The economic value women bring to their own households and to the broader economy is well-documented. In fact, nearly all of the economic gains that have occurred among middle class families since 1970 have come from the increased earnings of women. Mothers make substantial contributions to the finances of many families and households. In 2018, nearly half of the more than 30 million families with children under 18 in the United States had either a single mother or a married mother contributing at least 40% of a couple’s joint earnings.

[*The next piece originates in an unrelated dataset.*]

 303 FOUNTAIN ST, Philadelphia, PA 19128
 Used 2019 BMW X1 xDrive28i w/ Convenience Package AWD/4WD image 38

Despite the importance of mothers’ economic contributions, the broader economy fails to support mothers in a variety of ways. The costs of raising children fall largely on families – and disproportionately on mothers. In addition to the lack of support for combining careers with caregiving, mothers face a motherhood wage penalty, which accounts for much of the gender wage gap. Even entrepreneurship, an economic activity that can potentially offer more autonomy and flexibility, is made more difficult for mothers by child care challenges and barriers to entrepreneurship for women more broadly.

Why is motherhood undervalued and unsupported economically?

What does entrepreneurship support mean for entrepreneurs who are mothers? And how can we support mothers’ access to opportunities to engage in the economy – and ease their access to opportunity through entrepreneurship?

Featured highlights

  • By October 2020, mothers between the ages of 24 and 39 were nearly three times more likely than fathers in the same age range to report being unable to work during COVID-19 due to a school or child care closure.
  • Some mothers may leave wage or salary work and turn to necessity-driven entrepreneurship to avoid completely disconnecting from the labor force.
  • Among entrepreneur mothers, 1 in 4 reported being the sole provider in their household prior to the pandemic.
  • Twenty-seven percent of Black entrepreneur mothers reported being sole providers, compared to 19% of Hispanic entrepreneur mothers and 23% of white entrepreneur mothers.
  • Less than 1 in 5 civilian employees has access to paid family leave.